Since the mid-1900s, S. clava has been unintentionally introduced globally to temperate coastal waters outside of its native range. It has successfully established stable populations on both coasts of North America, Europe, New Zealand, Australia, and Argentina.

The earliest sighting of S. clava outside of its natural range was on the United States’ west coast in Californian coastal waters in the early-1900s. Since then, the invasive tunicate has spread as far south as Baja, Mexico and as far north as Vancouver Island, Canada. S. clava populations in North America’s Atlantic waters is believed to have been introduced around the 1970s.

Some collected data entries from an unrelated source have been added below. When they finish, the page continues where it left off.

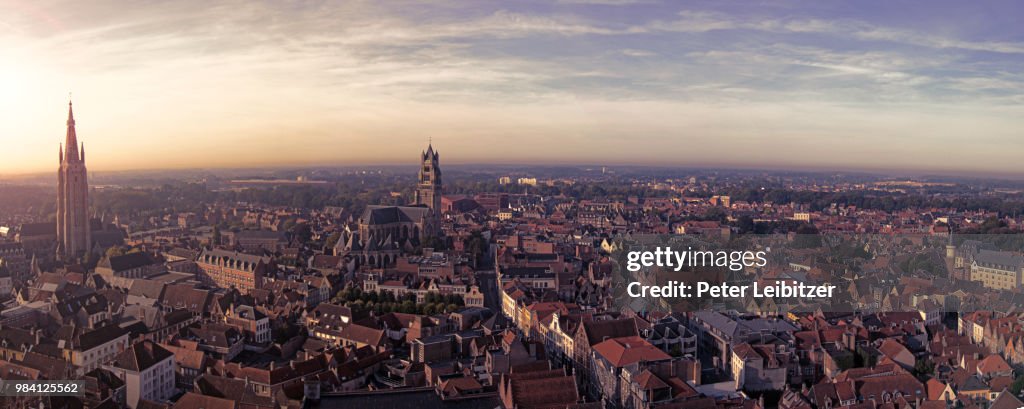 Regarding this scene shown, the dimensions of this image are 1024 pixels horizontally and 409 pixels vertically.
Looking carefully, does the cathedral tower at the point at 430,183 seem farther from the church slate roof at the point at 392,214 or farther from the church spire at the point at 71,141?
the church spire at the point at 71,141

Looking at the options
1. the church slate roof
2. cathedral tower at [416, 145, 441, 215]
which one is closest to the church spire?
the church slate roof

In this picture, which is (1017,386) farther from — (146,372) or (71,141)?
(71,141)

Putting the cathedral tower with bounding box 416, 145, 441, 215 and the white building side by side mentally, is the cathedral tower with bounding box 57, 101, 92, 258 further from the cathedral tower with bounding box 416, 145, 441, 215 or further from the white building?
the white building

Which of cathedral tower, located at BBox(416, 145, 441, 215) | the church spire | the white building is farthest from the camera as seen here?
cathedral tower, located at BBox(416, 145, 441, 215)

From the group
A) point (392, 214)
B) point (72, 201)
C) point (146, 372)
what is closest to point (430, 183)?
point (392, 214)

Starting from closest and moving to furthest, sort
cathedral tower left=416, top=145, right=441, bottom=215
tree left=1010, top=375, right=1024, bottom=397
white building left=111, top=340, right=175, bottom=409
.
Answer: tree left=1010, top=375, right=1024, bottom=397 → white building left=111, top=340, right=175, bottom=409 → cathedral tower left=416, top=145, right=441, bottom=215

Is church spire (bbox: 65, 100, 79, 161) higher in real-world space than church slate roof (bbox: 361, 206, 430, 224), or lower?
higher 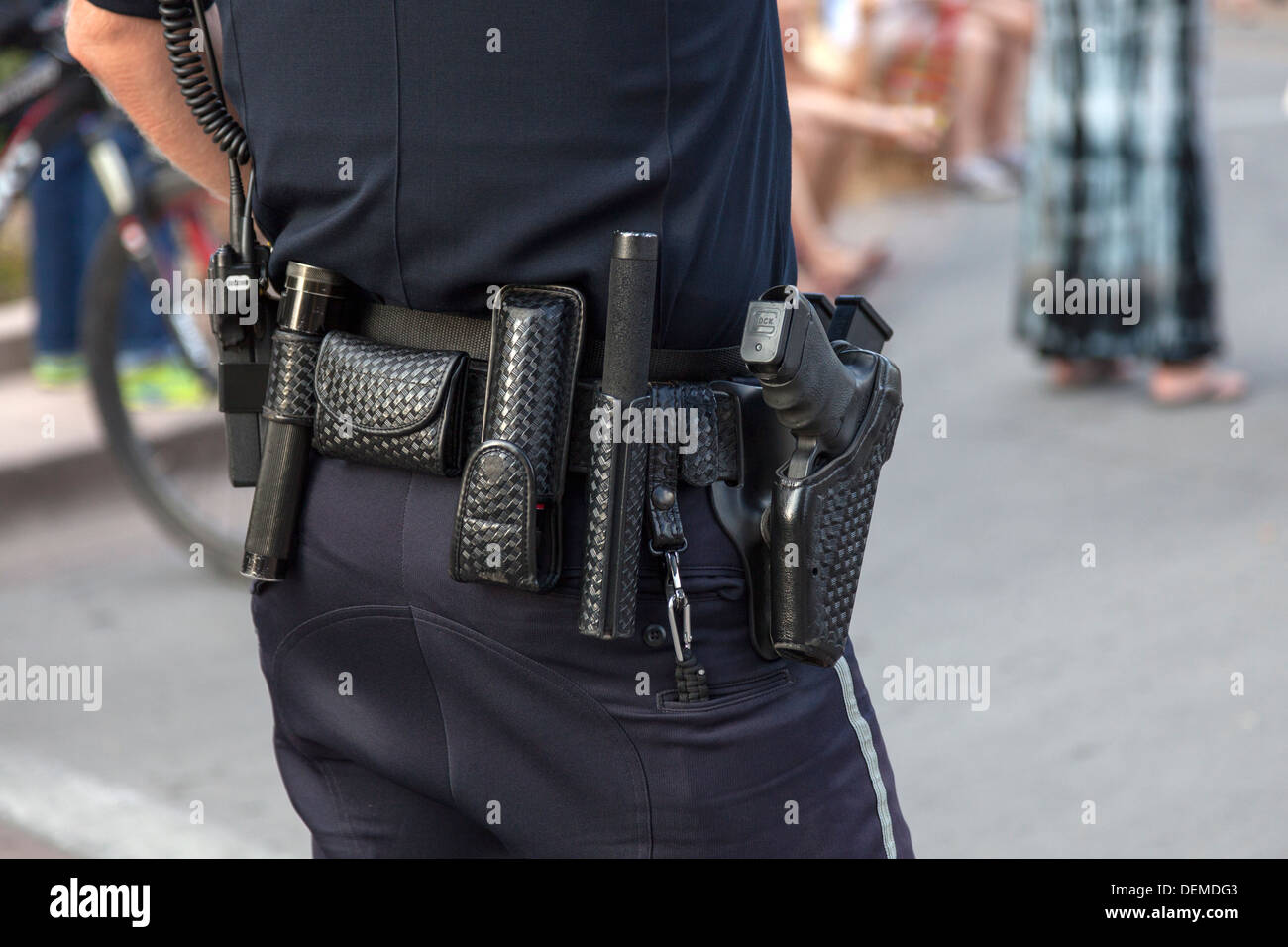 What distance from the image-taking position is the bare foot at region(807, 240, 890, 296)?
6891mm

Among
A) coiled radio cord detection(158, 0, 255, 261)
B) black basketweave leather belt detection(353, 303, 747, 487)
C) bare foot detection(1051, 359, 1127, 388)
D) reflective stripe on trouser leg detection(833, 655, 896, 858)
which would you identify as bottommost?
reflective stripe on trouser leg detection(833, 655, 896, 858)

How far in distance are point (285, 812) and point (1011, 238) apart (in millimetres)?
5614

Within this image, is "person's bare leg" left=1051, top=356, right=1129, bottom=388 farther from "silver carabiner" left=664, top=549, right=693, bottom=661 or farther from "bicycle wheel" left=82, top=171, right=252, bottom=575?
"silver carabiner" left=664, top=549, right=693, bottom=661

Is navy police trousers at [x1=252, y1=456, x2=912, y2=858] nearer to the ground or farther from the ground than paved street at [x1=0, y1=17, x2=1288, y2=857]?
farther from the ground

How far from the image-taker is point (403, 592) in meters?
1.47

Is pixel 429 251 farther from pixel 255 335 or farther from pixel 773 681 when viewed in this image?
pixel 773 681

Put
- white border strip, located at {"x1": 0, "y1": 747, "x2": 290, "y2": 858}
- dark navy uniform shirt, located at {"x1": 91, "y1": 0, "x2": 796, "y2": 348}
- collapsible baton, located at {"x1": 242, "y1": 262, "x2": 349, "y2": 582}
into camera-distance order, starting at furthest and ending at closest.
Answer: white border strip, located at {"x1": 0, "y1": 747, "x2": 290, "y2": 858} → collapsible baton, located at {"x1": 242, "y1": 262, "x2": 349, "y2": 582} → dark navy uniform shirt, located at {"x1": 91, "y1": 0, "x2": 796, "y2": 348}

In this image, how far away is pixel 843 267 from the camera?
22.8 feet

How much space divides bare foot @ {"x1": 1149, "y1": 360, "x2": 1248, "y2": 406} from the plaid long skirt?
66 millimetres

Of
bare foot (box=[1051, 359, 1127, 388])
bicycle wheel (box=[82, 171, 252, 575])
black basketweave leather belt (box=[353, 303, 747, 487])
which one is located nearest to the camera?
black basketweave leather belt (box=[353, 303, 747, 487])

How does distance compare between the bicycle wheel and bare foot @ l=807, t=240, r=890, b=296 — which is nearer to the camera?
the bicycle wheel

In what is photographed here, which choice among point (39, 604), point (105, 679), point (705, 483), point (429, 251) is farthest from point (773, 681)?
point (39, 604)

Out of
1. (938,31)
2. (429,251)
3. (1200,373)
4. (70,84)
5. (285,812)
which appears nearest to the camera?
(429,251)

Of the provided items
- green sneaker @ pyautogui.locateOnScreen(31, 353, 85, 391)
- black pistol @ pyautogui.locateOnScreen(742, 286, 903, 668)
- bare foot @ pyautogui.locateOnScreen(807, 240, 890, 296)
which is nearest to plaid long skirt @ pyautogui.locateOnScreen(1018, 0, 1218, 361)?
bare foot @ pyautogui.locateOnScreen(807, 240, 890, 296) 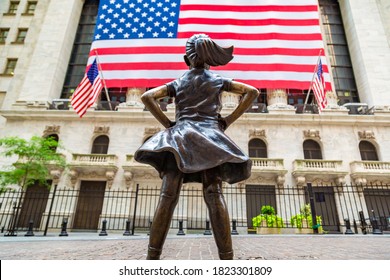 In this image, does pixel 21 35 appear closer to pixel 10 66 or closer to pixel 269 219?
pixel 10 66

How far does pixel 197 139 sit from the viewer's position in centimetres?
228

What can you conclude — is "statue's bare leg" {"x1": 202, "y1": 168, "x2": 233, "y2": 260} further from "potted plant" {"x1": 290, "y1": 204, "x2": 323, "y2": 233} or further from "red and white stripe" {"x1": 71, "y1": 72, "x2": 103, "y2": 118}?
"red and white stripe" {"x1": 71, "y1": 72, "x2": 103, "y2": 118}

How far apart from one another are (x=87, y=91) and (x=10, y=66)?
15.7 meters

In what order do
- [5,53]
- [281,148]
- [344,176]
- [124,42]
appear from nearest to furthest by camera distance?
[124,42], [344,176], [281,148], [5,53]

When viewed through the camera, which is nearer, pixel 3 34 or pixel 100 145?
pixel 100 145

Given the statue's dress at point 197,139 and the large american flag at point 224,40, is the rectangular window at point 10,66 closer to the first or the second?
the large american flag at point 224,40

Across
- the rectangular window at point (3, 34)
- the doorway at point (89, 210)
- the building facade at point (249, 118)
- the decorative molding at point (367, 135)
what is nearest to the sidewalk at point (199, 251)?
the building facade at point (249, 118)

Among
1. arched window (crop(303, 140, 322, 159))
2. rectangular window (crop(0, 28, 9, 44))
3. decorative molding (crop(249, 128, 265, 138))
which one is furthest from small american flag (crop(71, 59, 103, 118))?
rectangular window (crop(0, 28, 9, 44))

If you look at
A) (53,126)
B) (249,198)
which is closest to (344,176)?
(249,198)

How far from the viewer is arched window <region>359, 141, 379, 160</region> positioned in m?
18.3

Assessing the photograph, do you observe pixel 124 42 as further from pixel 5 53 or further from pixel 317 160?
pixel 5 53

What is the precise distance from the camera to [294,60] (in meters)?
Answer: 13.9

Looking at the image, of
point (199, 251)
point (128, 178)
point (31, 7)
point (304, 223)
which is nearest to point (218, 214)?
point (199, 251)

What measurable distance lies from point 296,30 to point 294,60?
1.96m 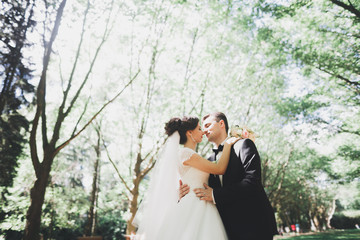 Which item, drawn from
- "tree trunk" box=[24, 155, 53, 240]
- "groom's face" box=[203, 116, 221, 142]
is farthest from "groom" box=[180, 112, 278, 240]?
"tree trunk" box=[24, 155, 53, 240]

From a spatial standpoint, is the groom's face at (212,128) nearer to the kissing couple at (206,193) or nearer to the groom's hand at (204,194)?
the kissing couple at (206,193)

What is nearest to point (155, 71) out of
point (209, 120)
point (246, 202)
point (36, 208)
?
point (36, 208)

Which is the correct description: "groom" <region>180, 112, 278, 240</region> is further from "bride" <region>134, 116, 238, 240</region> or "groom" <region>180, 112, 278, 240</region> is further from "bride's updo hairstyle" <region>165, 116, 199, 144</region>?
"bride's updo hairstyle" <region>165, 116, 199, 144</region>

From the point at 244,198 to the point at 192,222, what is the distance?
69 cm

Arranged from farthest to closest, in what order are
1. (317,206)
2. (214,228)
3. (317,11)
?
(317,206), (317,11), (214,228)

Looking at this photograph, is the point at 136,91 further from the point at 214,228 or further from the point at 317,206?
the point at 317,206

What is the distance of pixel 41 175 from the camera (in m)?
5.48

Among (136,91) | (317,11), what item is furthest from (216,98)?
(317,11)

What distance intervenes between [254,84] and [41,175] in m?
11.3

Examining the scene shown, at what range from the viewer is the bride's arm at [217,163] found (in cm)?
293

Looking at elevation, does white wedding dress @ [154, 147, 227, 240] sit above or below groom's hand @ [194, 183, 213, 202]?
below

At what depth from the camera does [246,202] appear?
8.55 feet

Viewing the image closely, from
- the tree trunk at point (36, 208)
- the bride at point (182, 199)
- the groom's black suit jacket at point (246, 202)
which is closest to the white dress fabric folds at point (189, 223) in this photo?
the bride at point (182, 199)

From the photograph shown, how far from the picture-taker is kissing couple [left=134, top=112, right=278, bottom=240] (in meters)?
2.60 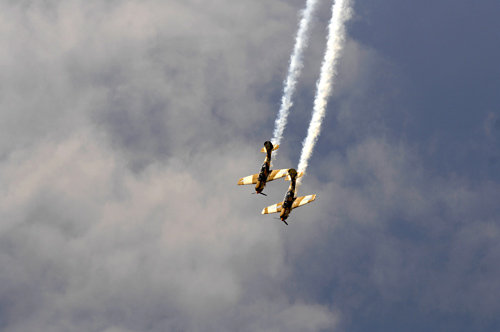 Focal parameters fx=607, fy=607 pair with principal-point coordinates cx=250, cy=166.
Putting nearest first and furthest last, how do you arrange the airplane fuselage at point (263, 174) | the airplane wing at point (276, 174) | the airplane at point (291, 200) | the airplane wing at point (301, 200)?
the airplane at point (291, 200) < the airplane wing at point (301, 200) < the airplane fuselage at point (263, 174) < the airplane wing at point (276, 174)

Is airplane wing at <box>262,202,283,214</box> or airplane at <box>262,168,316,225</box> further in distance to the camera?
airplane wing at <box>262,202,283,214</box>

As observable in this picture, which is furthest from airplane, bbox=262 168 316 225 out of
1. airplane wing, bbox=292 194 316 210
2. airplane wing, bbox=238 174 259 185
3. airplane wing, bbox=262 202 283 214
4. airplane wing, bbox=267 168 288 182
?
airplane wing, bbox=238 174 259 185

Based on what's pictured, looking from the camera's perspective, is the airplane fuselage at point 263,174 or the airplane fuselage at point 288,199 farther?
the airplane fuselage at point 263,174

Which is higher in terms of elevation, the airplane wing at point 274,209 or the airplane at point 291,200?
the airplane wing at point 274,209

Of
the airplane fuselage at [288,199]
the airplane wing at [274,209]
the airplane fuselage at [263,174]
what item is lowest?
the airplane fuselage at [288,199]

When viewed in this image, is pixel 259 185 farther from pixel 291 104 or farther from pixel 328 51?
pixel 328 51

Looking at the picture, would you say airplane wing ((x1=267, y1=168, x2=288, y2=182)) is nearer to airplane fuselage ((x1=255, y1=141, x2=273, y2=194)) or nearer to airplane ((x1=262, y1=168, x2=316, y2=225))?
airplane fuselage ((x1=255, y1=141, x2=273, y2=194))

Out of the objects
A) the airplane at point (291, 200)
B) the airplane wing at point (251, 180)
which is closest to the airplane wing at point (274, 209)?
the airplane at point (291, 200)

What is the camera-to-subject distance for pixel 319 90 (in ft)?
290

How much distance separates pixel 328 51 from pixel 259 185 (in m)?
24.6

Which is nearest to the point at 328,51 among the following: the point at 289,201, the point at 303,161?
the point at 303,161

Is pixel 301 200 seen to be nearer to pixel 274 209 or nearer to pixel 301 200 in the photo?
pixel 301 200

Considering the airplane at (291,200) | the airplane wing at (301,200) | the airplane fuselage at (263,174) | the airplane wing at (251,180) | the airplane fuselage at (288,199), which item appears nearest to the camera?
the airplane fuselage at (288,199)

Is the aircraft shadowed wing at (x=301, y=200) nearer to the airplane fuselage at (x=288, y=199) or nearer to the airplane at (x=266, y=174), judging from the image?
the airplane fuselage at (x=288, y=199) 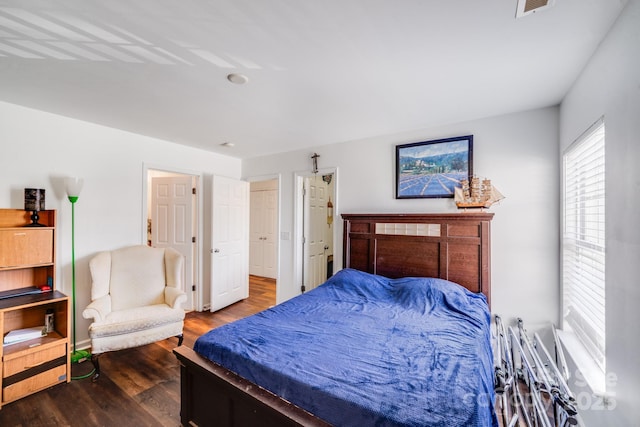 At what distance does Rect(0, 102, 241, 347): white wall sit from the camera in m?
2.43

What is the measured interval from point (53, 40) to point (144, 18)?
2.15 ft

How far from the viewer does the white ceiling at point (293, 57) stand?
1306 millimetres

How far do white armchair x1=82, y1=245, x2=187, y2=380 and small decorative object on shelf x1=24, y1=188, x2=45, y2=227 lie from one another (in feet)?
1.94

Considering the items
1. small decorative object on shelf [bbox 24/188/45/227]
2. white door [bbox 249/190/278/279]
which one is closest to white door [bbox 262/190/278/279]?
white door [bbox 249/190/278/279]

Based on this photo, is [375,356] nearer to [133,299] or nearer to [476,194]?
[476,194]

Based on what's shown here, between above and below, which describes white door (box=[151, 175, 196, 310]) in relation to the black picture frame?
below

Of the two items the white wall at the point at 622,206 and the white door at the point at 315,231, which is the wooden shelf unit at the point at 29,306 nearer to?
the white door at the point at 315,231

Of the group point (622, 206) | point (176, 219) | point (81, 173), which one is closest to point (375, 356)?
point (622, 206)

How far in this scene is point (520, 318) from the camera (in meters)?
2.47

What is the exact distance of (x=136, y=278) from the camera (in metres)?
2.96

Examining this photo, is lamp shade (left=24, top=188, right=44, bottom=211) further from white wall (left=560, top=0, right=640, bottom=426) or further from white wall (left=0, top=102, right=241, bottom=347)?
white wall (left=560, top=0, right=640, bottom=426)

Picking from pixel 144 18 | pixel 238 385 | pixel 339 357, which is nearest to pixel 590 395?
pixel 339 357

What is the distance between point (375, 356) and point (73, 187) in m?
3.12

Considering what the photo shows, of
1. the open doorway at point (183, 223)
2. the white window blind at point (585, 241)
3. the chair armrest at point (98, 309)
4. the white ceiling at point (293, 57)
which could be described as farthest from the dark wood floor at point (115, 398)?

In the mid-1900s, the next sighting of S. clava was recorded in European waters in Britain. In the span of 25 years, S. clava populations have expanded their range in the coastal waters of the United Kingdom and to mainland Europe. The current European countries with established S. clava populations are England, Ireland, Belgium, Netherlands, Denmark, France, Portugal and Spain.

=== Vectors ===

For each region there are multiple pathways by which S. clava could have been introduced. Although not definitive, S. clava's new population distribution is most likely due to anthropogenic vectors. The introduction of S. clava was most likely the result of direct introduction from Japan through shellfish transfers or ship fouling. In Europe, the source of introduction is believed to be from the hulls of military ships returning from the Korean War. As waters are becoming warmer due to climate change, there is concern of habitat expansion into previously unoccupied waters.

=== Effects ===

Successful introduction and establishment of populations outside of its natural range can cause dramatic changes in the structure and composition of benthic communities. It is dominating fouling communities, leading to population declines in other filter-feeding species, leading to lower biodiversity. S. clava is a solitary species, but with optimal conditions can reach high densities, up to 500 - 1,000 individuals, fouling man-made substrates resulting in boat and fishing gear difficulties.

They also pose a threat to aquaculture, which is being seen in European waters. In Bassin de Thau, France (Étang de Thau), S. clava is becoming a management problem as they pose a threat to oyster and mussel farming by outcompeting the shellfish for food and substrate space.